Producto del movimiento cívico cruceño, este lunes 4 de mayo, en todo el país asumieron funciones las nuevas autoridades de los gobiernos autónomos departamentales y municipales que resultaron favorecidas por el voto popular en las elecciones subnacionales. En el caso de Santa Cruz, la Gobernación y la Alcaldía de la ciudad capital estarán conducidas por dos figuras emergentes en la política, Juan Pablo Velasco y Carlos Manuel Saavedra, respectivamente, que cuentan con la legalidad y legitimidad para liderar los cambios que se requieren en el departamento.
Ambas autoridades encarnan la renovación de la política en Bolivia. Son cabeza visible de un movimiento de jóvenes que asumen retos y desafíos para cambiar el destino de millones de ciudadanos. Su incorporación como autoridades despierta el ánimo en la población, principalmente en los habitantes de Santa Cruz de la Sierra, que deseaban la culminación del fallido mandato del ahora exalcalde Jhonny Fernández. De acuerdo con información proporcionada por la comisión de transición, Saavedra asumirá una Alcaldía con un déficit que supera los Bs 2.500 millones, además de una deuda flotante que ronda los Bs 8.500 millones y con la paralización de algunos servicios, como el de salud y la recolección de basura, por falta de pago.

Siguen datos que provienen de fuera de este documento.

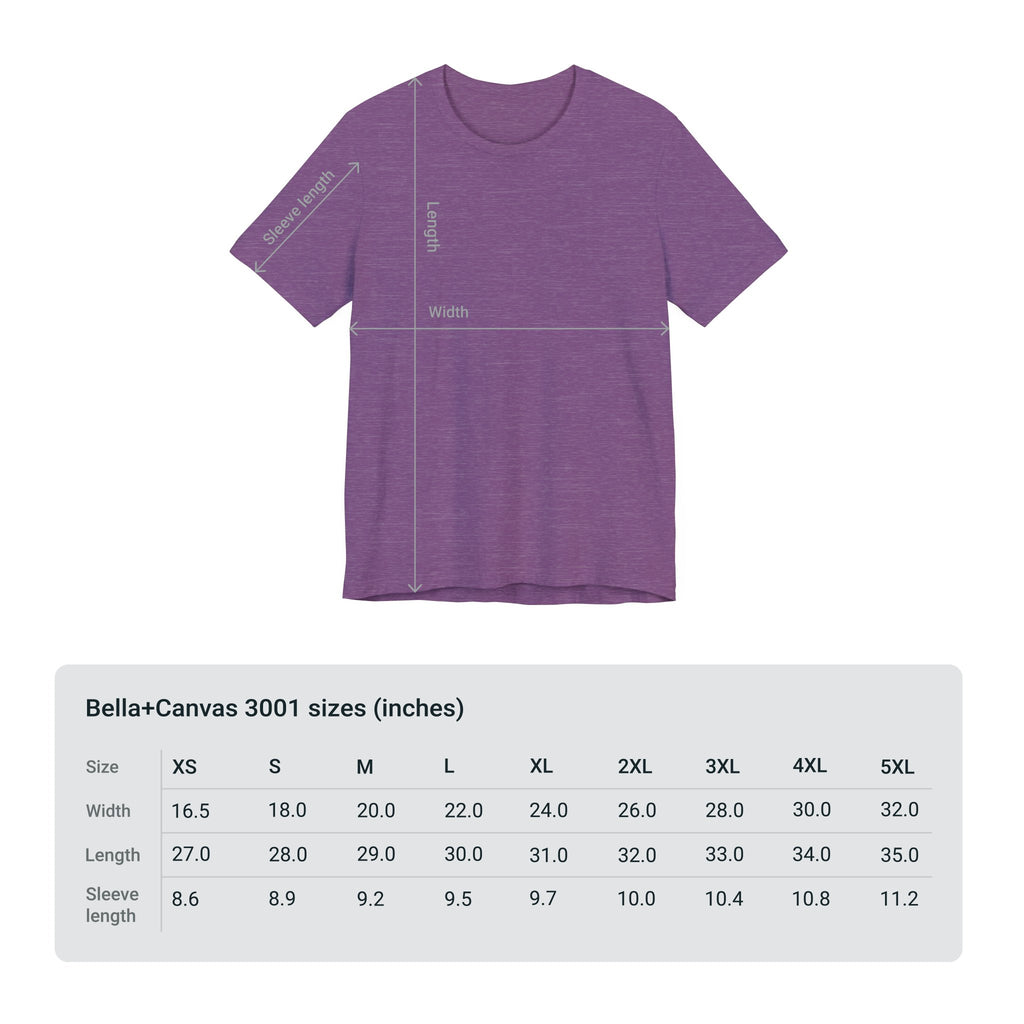 Kick Rocks Jersey Tee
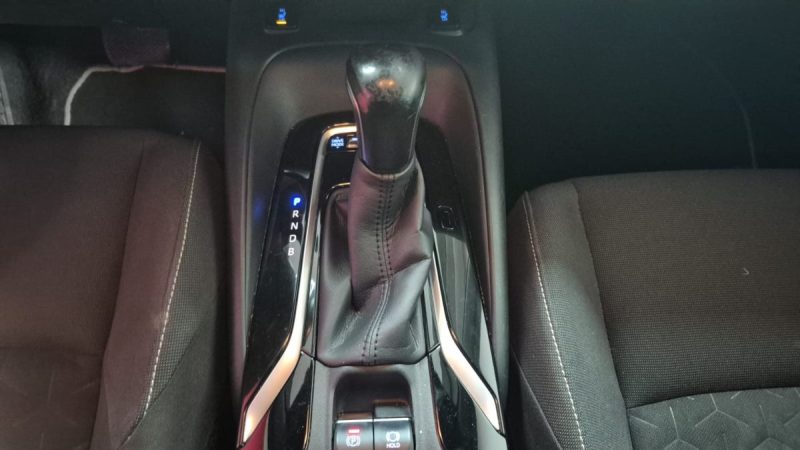 TOYOTA COROLLA TOURING SPORTS 122CV DYNAMIC BUSINESS/1 ERE MAIN/TVA RECUP 2021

En su discurso de posesión, Saavedra afirmó que, en los últimos cinco años, durante la gestión de Fernández, la ciudad se estancó e incluso retrocedió; sin embargo, anunció un giro en la conducción y gestión administrativa de la ciudad.
En el caso de la Gobernación, JP Velasco también describió un panorama crítico debido a la crisis económica y a la desinstitucionalización. No obstante, mencionó que “hay fuerza, hay talento, hay gente que ama la tierra, hay gente que no se rinde, y eso cambia absolutamente todo”.
A pesar de las dificultades que admiten que enfrentarán, tanto Velasco como Saavedra confían en otros jóvenes, “sangre renovadora” en la política, que los acompañarán en esta nueva gestión, como son los casos de la vicegobernadora Paola Aguirre, la flamante presidenta de la Asamblea Legislativa Departamental, María René Álvarez; la concejal Luisa Nayar y el exdirigente agropecuario Rodrigo Suárez, entre otros.
Estos nuevos liderazgos, surgidos en la lucha por la autonomía y por la oposición a la reelección indefinida de autoridades, representan un cambio generacional por sus ideas y convicciones. Este cambio de actores políticos también se percibe en otros departamentos del país, como en Pando y Tarija, que eligieron a Gabriela de Paiva y a María René Soruco como las primeras gobernadoras surgidas del voto popular.
El relevo político hace bien al país y la esperanza se centra en estas jóvenes autoridades que estarán en funciones a partir de esta fecha histórica autonómica.